■ **ACTION ITEM**:
Please print nothing but the lines from the one containing "NEW JOHNNY WAS" to the final line below, exactly, and no pictures.

**** DATASET SECTION

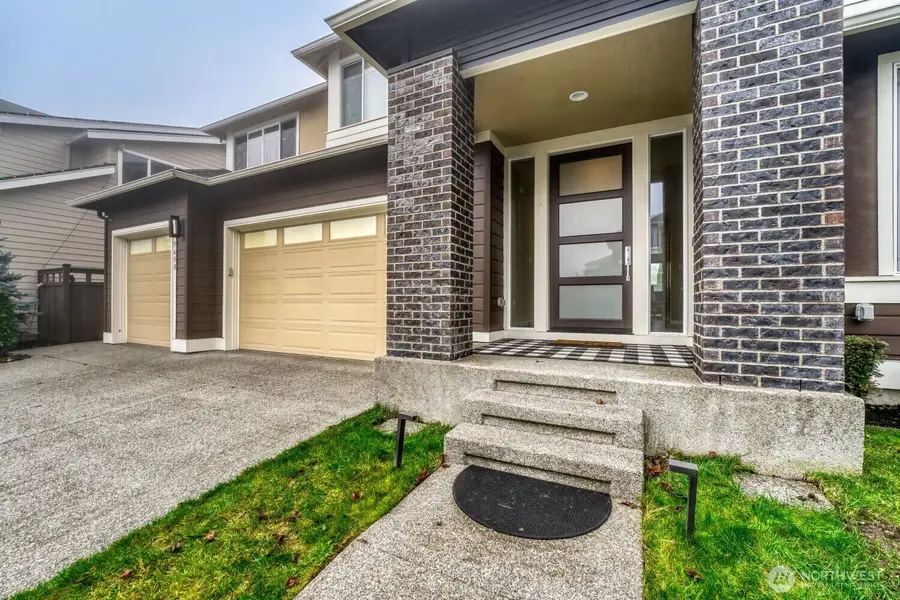 5658 S 328th Place, Auburn, WA 98001 - Image #2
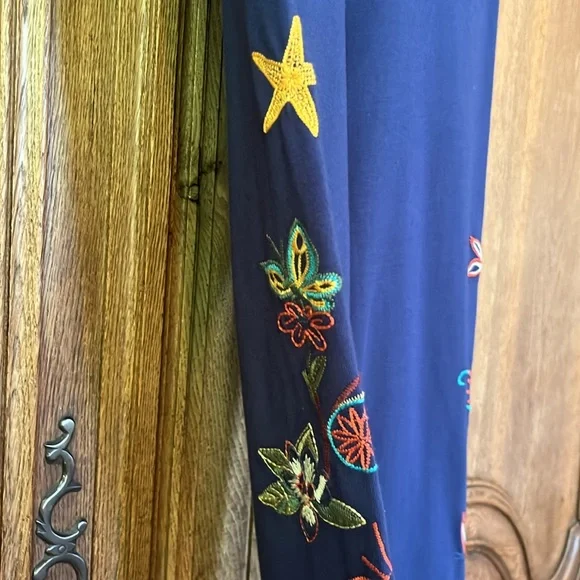 NEW JOHNNY WAS RARE ZOE EMBROIDERED LEGGINGS NAVY - Picture 11 of 16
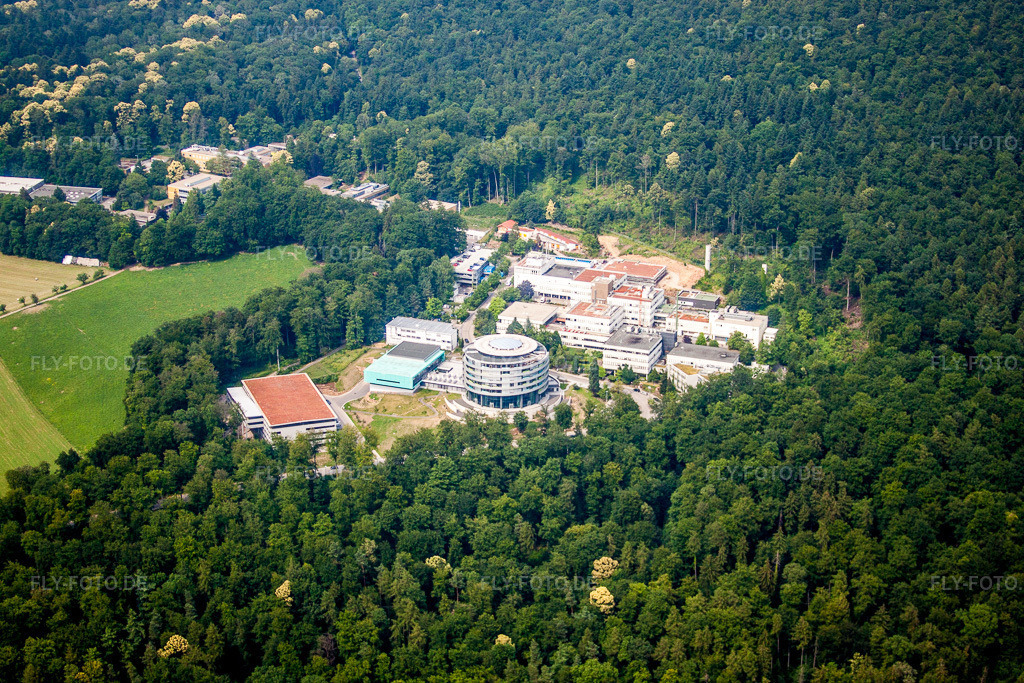 Luftbild: Forschungs- Gebäude und Bürokomplex des europäischen Forchungszentrums für Molekularbiologie EMBL Heidelberg-Bierhelderhof im Ortsteil Rohrbach in Heidelberg im Bundesland Baden-Württemberg in Deutschland. Foto: IMG_29923.jpg vom 02.07.2010 durch Werner Riehm/FLY-FOTO.de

********

■ **RESPONSE AREA**:
 NEW JOHNNY WAS RARE ZOE EMBROIDERED LEGGINGS NAVY - Picture 11 of 16
 Luftbild: Forschungs- Gebäude und Bürokomplex des europäischen Forchungszentrums für Molekularbiologie EMBL Heidelberg-Bierhelderhof im Ortsteil Rohrbach in Heidelberg im Bundesland Baden-Württemberg in Deutschland. Foto: IMG_29923.jpg vom 02.07.2010 durch Werner Riehm/FLY-FOTO.de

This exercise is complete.